Standing at a bus stop with my eight week old baby daughter strapped to me in a baby harness.
I turned to see an old lady gazing at my baby.
She spoke quietly as if she might wake her
Precious beautiful baby, she is an empty vessel be careful what the world puts into her. She pushed fifty pence piece against her tiny hand.
Custom to gift a new baby a silver coin. I thanked her and smiled. It was 1983 I was just eighteen and that was the first bit of wise advise I was given as a new young mum.
I don’t think any of us realise just how fast our children will grow. I know I didn’t.
I lived alone in a tiny bedsit. It was far from ideal but I’d wanted my baby and I was doing the best I knew how. With very little help. I never left her. Ever.
Well not until she was three years old. Time for nursery Not even when my second child was born I had him at home because I couldn’t leave my daughter.
There isn’t a guide book is there.

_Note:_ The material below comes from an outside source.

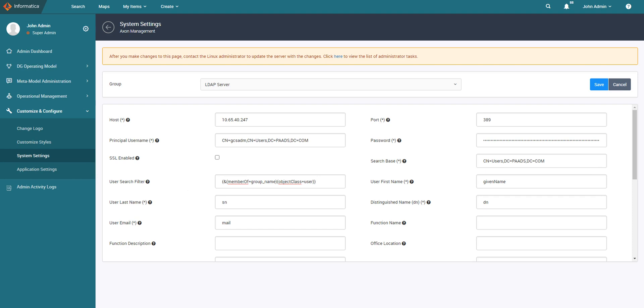The search filter. Okay, member of group name and object class user. This will ensure that all users belonging to that group gets extracted to Axon.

A what to do when you’ve fed, changed, winded and they are still crying, or a number for Mary Poppins when your bedsit is on the ground floor and toilet is upstairs and the baby is asleep. Or your I’ll or you and kids both have a bug and there is no one to help.
Or there is too much week at the end of your money.
I remember sometimes thinking it will be easier when they are older.
It’s never easier as a parent you just worry about different things
If your getting it right.
I think everyone wings it occasionally. I know I did.
I look back now they are all grown up and I’m so proud of them all.
Every new grand child brings joy more love and reminders of my babies and the old lady at the bus stop.
She was so right precious and beautiful and so important what we allow the world to put into them.
Even more so now. Social media and mobile phones technology.
Milestones flashing by, rolling over, sitting up, swimming under water, sleeping all night.
I remember that joy of more than a few hours sleep.
It was hard work being a single mum.
But the best thing I ever chose to do.
My only complaint is it went far too fast.
I still worry about them now they are grown with children of their own.
But I’d do it all again in a heart beat.